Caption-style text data
______________________________

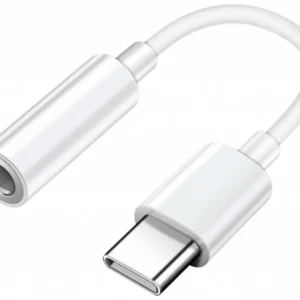 Mobeen by Samsung USB-C til 3,5 mm lydadapter – hvit v:1192192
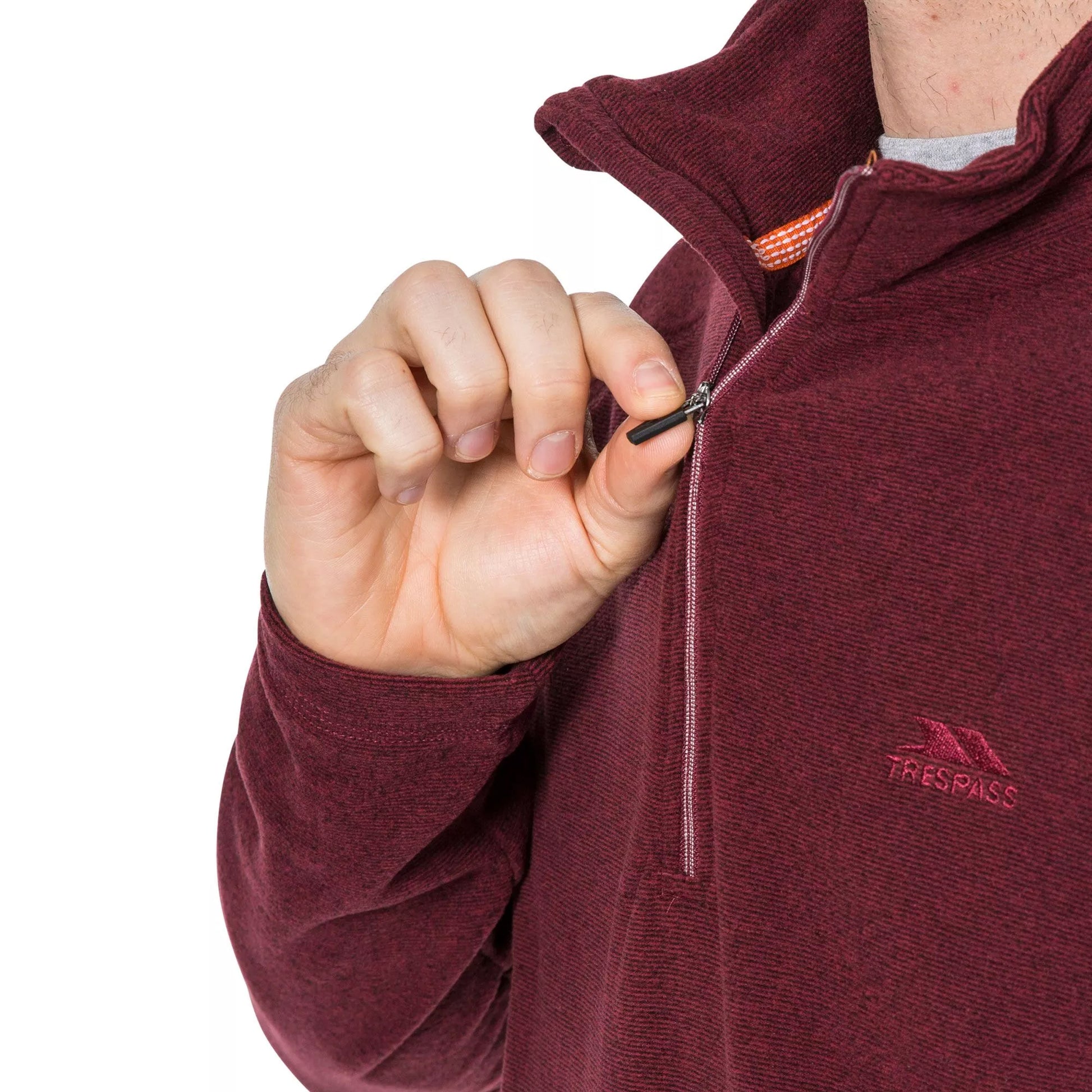 Prune - Pack Shot - Trespass Mens Keynote Anti Pilling 1-4 Zip Fleece Top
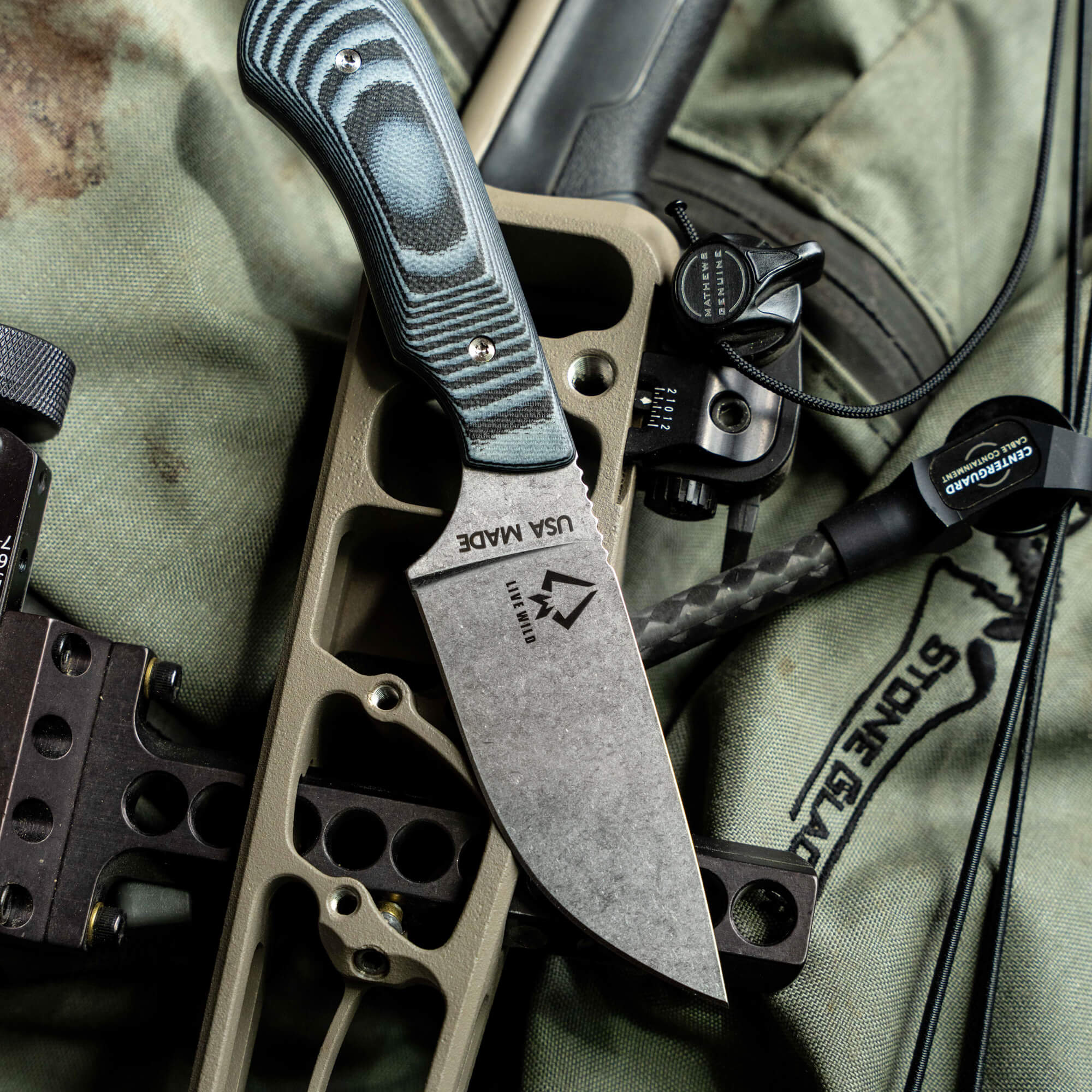 ELKHORN SKINNER - LIVE WILD EDITION - GREY & BLACK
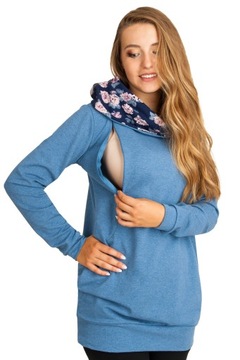 BLUZA CIĄŻOWA ROSALIA DO KARMIENIA XXL czarny
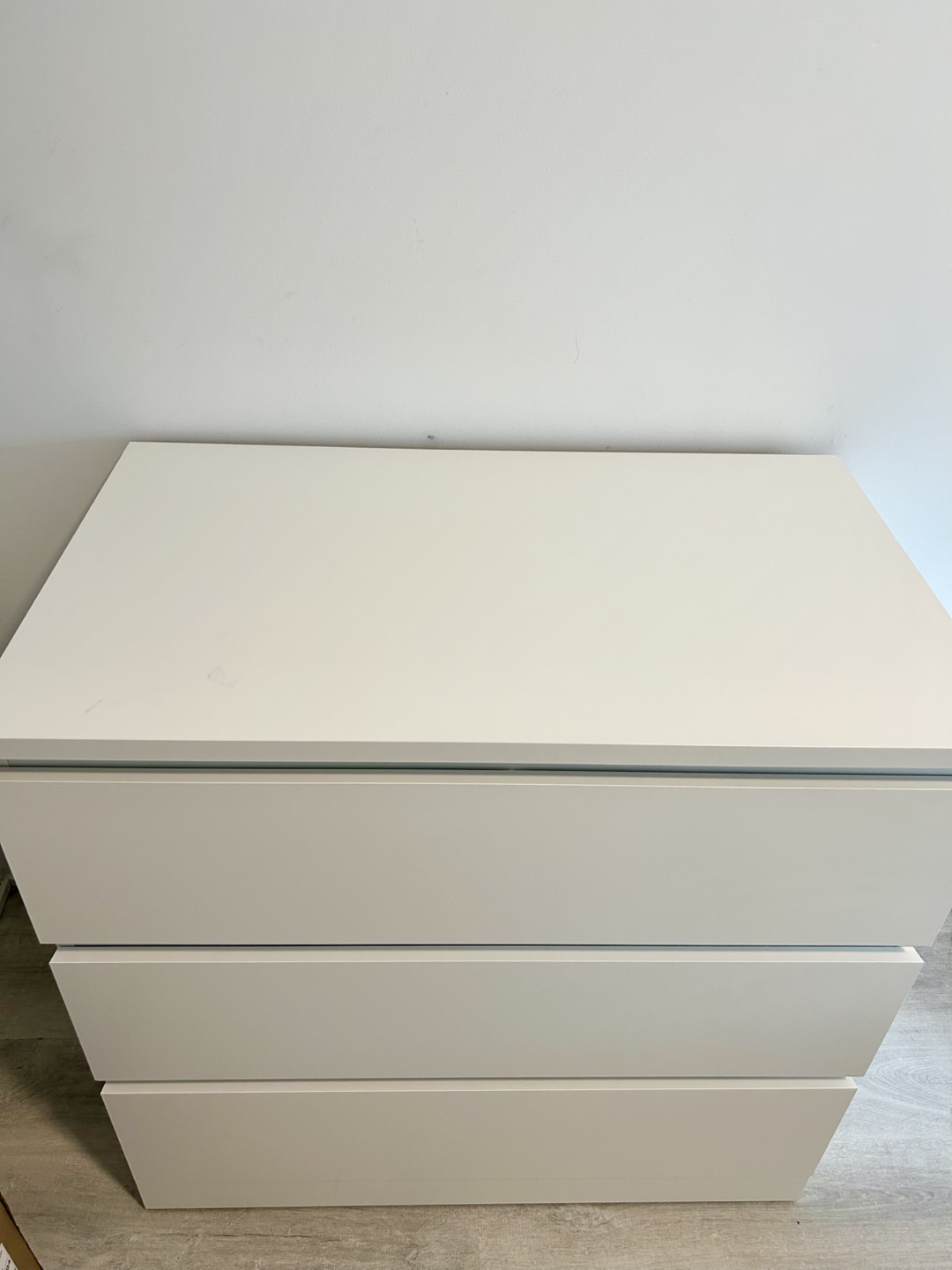 IKEA Three-Drawer Dresser - White - photo 2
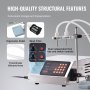 VEVOR Abfüllmaschine Doppeldüse mit unabhängigen Füllkanälen Flüssigkeitsabfüllmaschine 3,7 L/min Flaschenabfüllmaschine 34 x 26 x 14 cm Pastenfüllmaschine Edelstahl Füllmaschine Wein Milch usw.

______________________________

What you will do
Copy out every entry above exactly. Leave the pictures out.

Result of this task
 Mobeen by Samsung USB-C til 3,5 mm lydadapter – hvit v:1192192
 Prune - Pack Shot - Trespass Mens Keynote Anti Pilling 1-4 Zip Fleece Top
 ELKHORN SKINNER - LIVE WILD EDITION - GREY & BLACK
 BLUZA CIĄŻOWA ROSALIA DO KARMIENIA XXL czarny
 IKEA Three-Drawer Dresser - White - photo 2
 VEVOR Abfüllmaschine Doppeldüse mit unabhängigen Füllkanälen Flüssigkeitsabfüllmaschine 3,7 L/min Flaschenabfüllmaschine 34 x 26 x 14 cm Pastenfüllmaschine Edelstahl Füllmaschine Wein Milch usw.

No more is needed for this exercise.